I need to check the per-sample read checks but I have some (hopefully) quick questions about how the Greengenes2 annotation works. As I understand it, the annotation works on a 99% sequence similarity. So, my query 16S V4 sequences will be assigned to a certain taxa if they are within 99% nucleotide sequence similarity to that taxa in the database, is that correct? So are sequences that fall outside this 99% similarity then excluded from the annotated data set? Does this mean that the annotated sequences are strictly OTUs rather than ASVs and thus several ASVs from the unannotated sequence list could be combined under a single OTU in the resulting annotated dataset?

Thanks again,

Alan

aghudson · August 31, 2023, 1:46am

Hi @wasade,

I noticed that the Firmicutes are now spit into two phyla Firmicutes "A" and Firmicutes "D". Is this widely accpeted as taxonomic nomenclatures? I have not seen this naming convention elsewhere.

Best wishes,

Alan

wasade · August 31, 2023, 3:11pm

Hi @aghudson,

The the primary splits (e.g., _A) are derived from GTDB, see their note. The secondary splits (e.g., _1234) are based on the de novo Greengenes2 phylogeny. Greengenes2 expresses a phylogenetically supported taxonomy.

All the best,
Daniel

aghudson · September 8, 2023, 7:44am

Thanks @wasade

Sorry to bother you again but do you have an answer to my previous question as to whether the annotated sequences are strictly OTUs rather than ASVs and thus whether several ASVs from the unannotated sequence list could be combined under a single OTU in the resulting annotated dataset?

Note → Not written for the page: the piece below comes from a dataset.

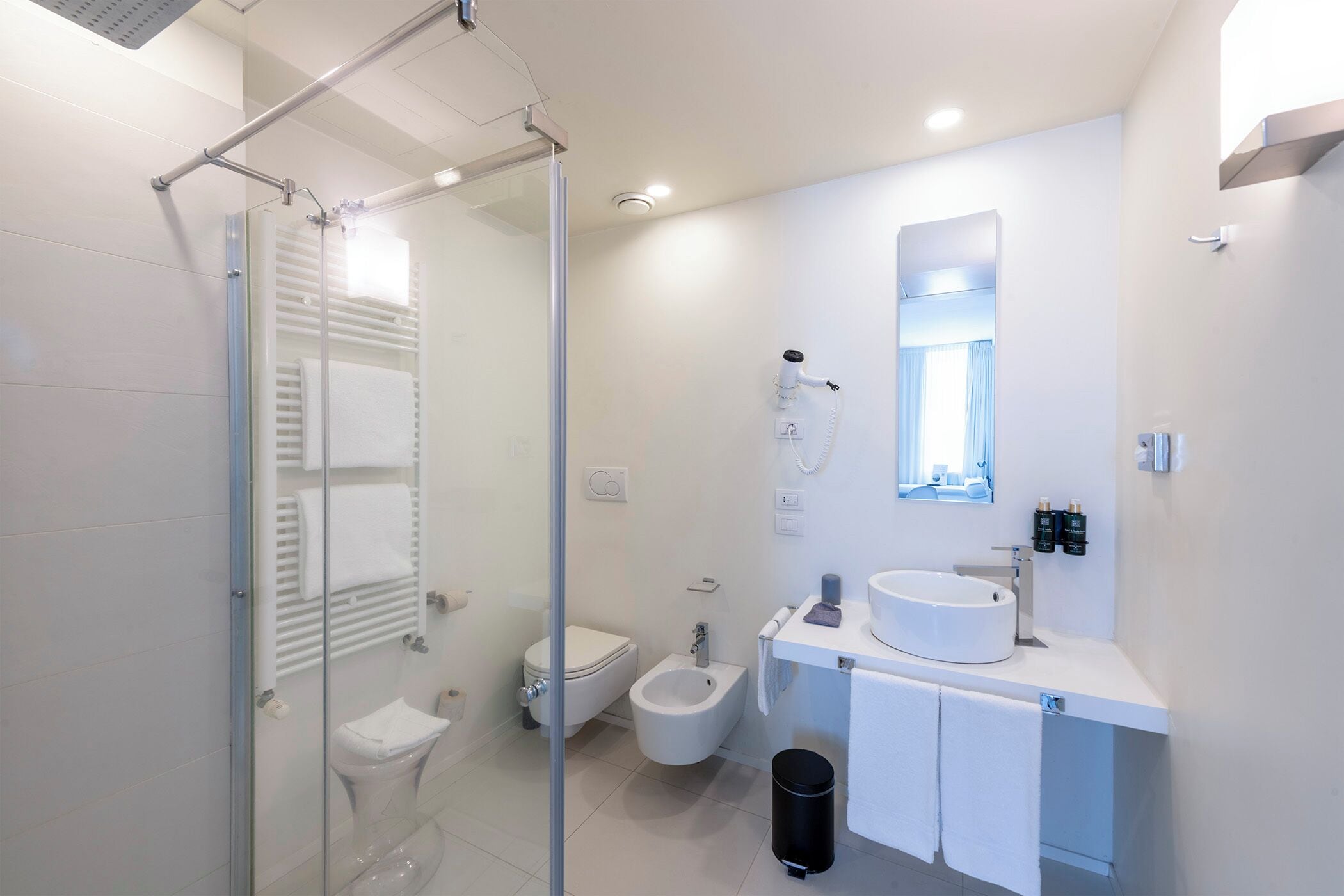 A modern bathroom with a glass shower enclosure, a toilet, bidet, and a sink with a mirror above.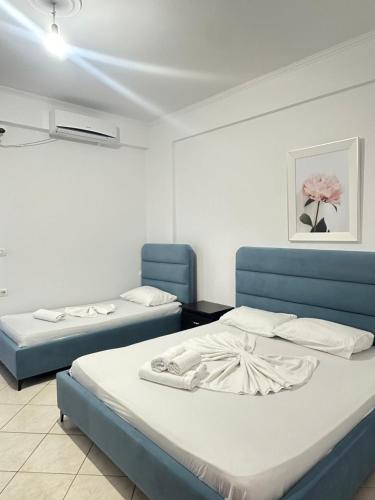 two beds in a room with two blue beds at Vila Llaka in Himare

aghudson · September 8, 2023, 8:21am

Apologies, reading the forum questions on Greengenes2, it appears that they are indeed OTUs rather than ASVs.

wasade · September 8, 2023, 3:37pm

Hi @aghudson,

Sorry for missing that! Not sure what happened.

The non-v4-16s action performs clusters by closed reference, so it would collapse multiple ASVs.

For non V4 data, you can stay in ASV space by using the full length Naive Bayes classifier.

Best,
Daniel

system · October 9, 2023, 9:38pm

This topic was automatically closed 31 days after the last reply. New replies are no longer allowed.